Félix Bongo : A un moment, j’en ai eu marre, j’ai demandé à des personnalités très importantes du Gabon comme de l'étranger (par respect et pour pas les impliquer sans leur avis, je préfère pas citer ces gens) d'intervenir pour apaiser ces conflits intra-clan qui allaient crescendo. Lorsque j'ai quitté le trésor. Je ne voulais pas que ce soit vu comme un pied nez ou une provocation. Je voulais simplement mener ma petite vie et revenir à mes premiers centres d'intérêts : penser des projets et les mettre en œuvre
“Plainte contre Félix Bongo
Qui a porté plainte contre vous ?
Félix Bongo :Au moment où je vous parle, le trésor public gabonais n’a jamais porté plainte contre moi. Il n'y a eu qu'un seul plaignant contre moi, il s'appelle Mr. Bosco Alaba Fall, neveu du défunt président Omar Bongo. Il disait qu’il agissait sur la base d’une prérogative qui permet au parquet de la république de s’autosaisir d’un problème sur dénonciation.
Mais devinez qui a été me dénoncer?
Très peu de gens le savent au Gabon : un chauffeur licencié par moi après vingt-deux mises à pieds et qui était le beau-frère du procureur de la république, Mr. Bosco Alaba Fall.
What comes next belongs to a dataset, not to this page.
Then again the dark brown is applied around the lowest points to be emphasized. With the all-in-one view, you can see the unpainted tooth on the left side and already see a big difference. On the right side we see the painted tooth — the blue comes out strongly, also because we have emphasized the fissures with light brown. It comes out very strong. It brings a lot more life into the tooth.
Ce monsieur (Bosco Alaba Fall) qui était déjà connu pour faire de la justice spectacle et pour orchestrer la déchéance d’un tel ou tel pour le compte du pouvoir. Je n’ai été qu’un jouet dans les main de ce procureur ou plus exactement de cet homme de main nommé : Bosco Alaba Fall
“Spoliation de mes biens personnels
Dans les différents sujets qui vous opposent à certains au Gabon, il y a le volet concernant la spoliation de vos biens. Plus précisément, il s’agit de quoi ?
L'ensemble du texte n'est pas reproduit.